Daha iki kuruşluk menfaat için önüne gelene “ağam – paşam” diyen adamların kulübe ve yönetime “dik oynayın” demesi ne kadar tutarlı? Sen daha ufak bir yetkiliye karşı menfaat pazarlığı yüzünden dik duramamışken, Trabzonspor Yöneticisi’ne tüm Türkiye’ye, başbakana karşı “dik dur” demeyi hak mı görüyorsun?

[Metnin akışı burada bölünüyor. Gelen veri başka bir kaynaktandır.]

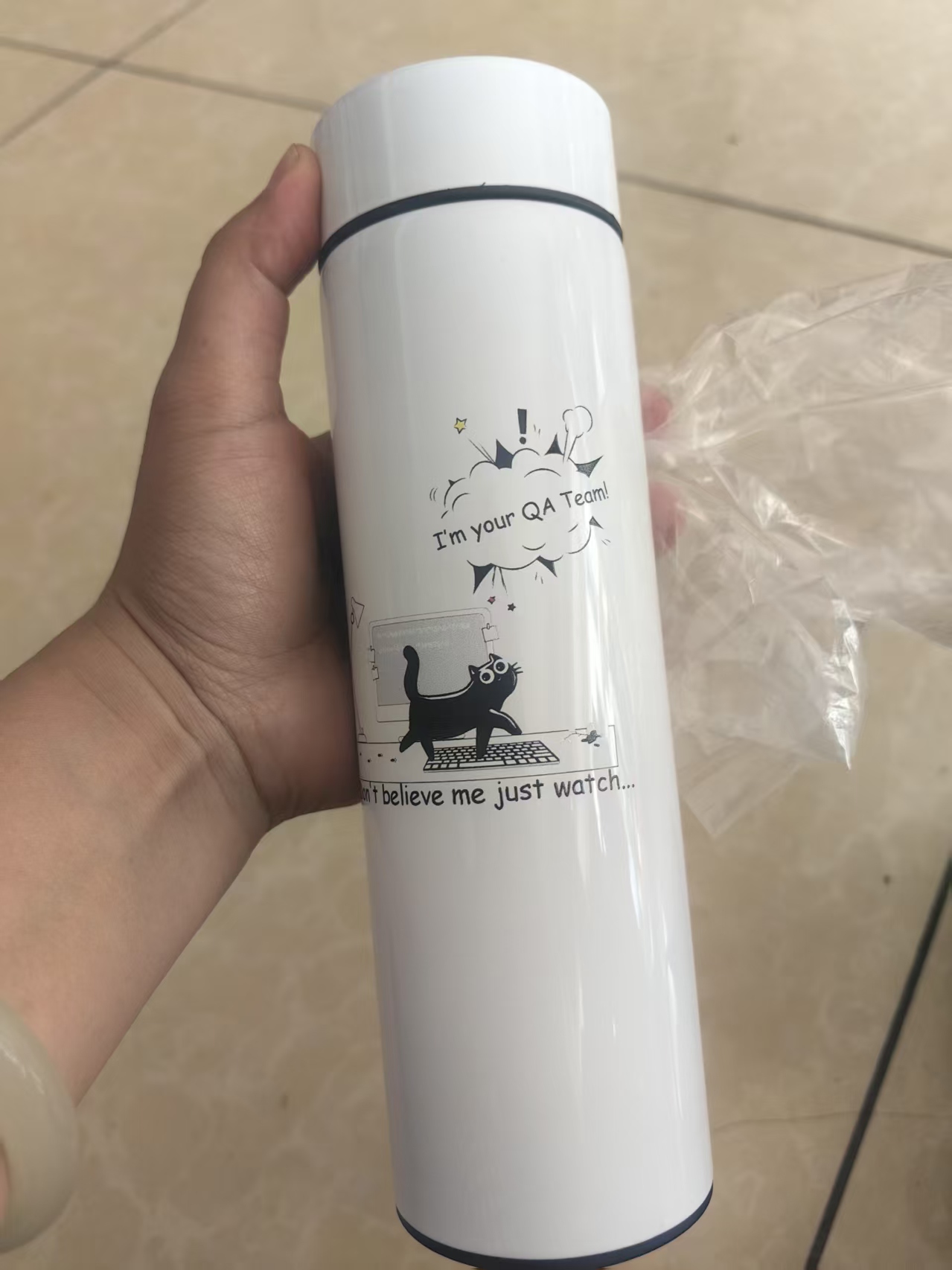 Taza de café personalizada con - Coffee Equipment Logo reseña y precio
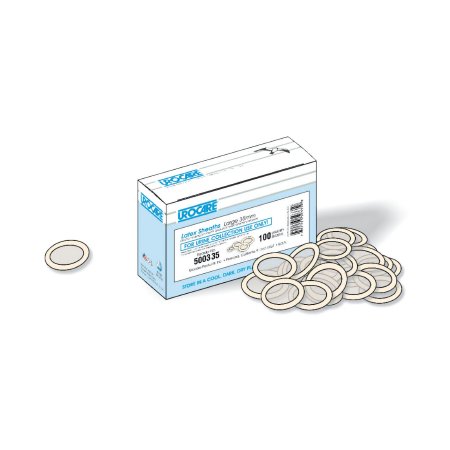 Urocare Products Male External Catheter Uro-Con® Non-Adhesive Latex Large - Box of 100 - 500335-BX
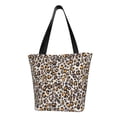 thumbnail image 1 of Balery Leopard Bolsa de Hombro con Diseño, Bolsa Grande y Duradera, Bolsa Versátil para Compras, 1 of 6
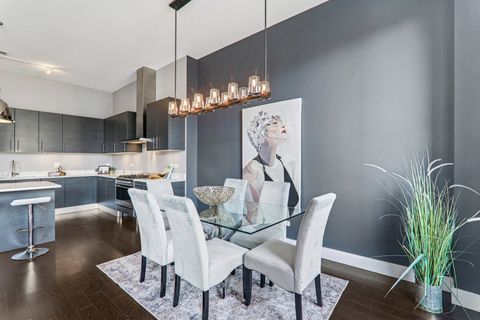 Tiny photo for 20 N Carpenter Street #4N, Chicago, IL 60607 (MLS # 12560049)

Hayalimizdeki kahramanın, TRABZONSPOR’un dik durabilmesi yöneticilere, futbolculara bırakılamayacak kadar önemli bir iştir. Gelip geçici olanlar değil, kalıcı olanlar dayatmalıdır değerlerini. O da Trabzonspor Taraftarı’dır. Bunun etkili olması için en temel prensip ise örgütlü olmaktır. Örgütlü olmak yetmez. Çalışkan olmaktır. Üretken olmaktır. Lafla peynir gemisi yürümez; aktivist olmaktır.

Yoksa aptalların gölge oyununu ağzımız açık izlemeye devam ederiz. Böyle olacaksa şikayet de edemeyiz.

Çok yazılacak şeylerin ilki bu. Dahası da bir sonraki yazıda.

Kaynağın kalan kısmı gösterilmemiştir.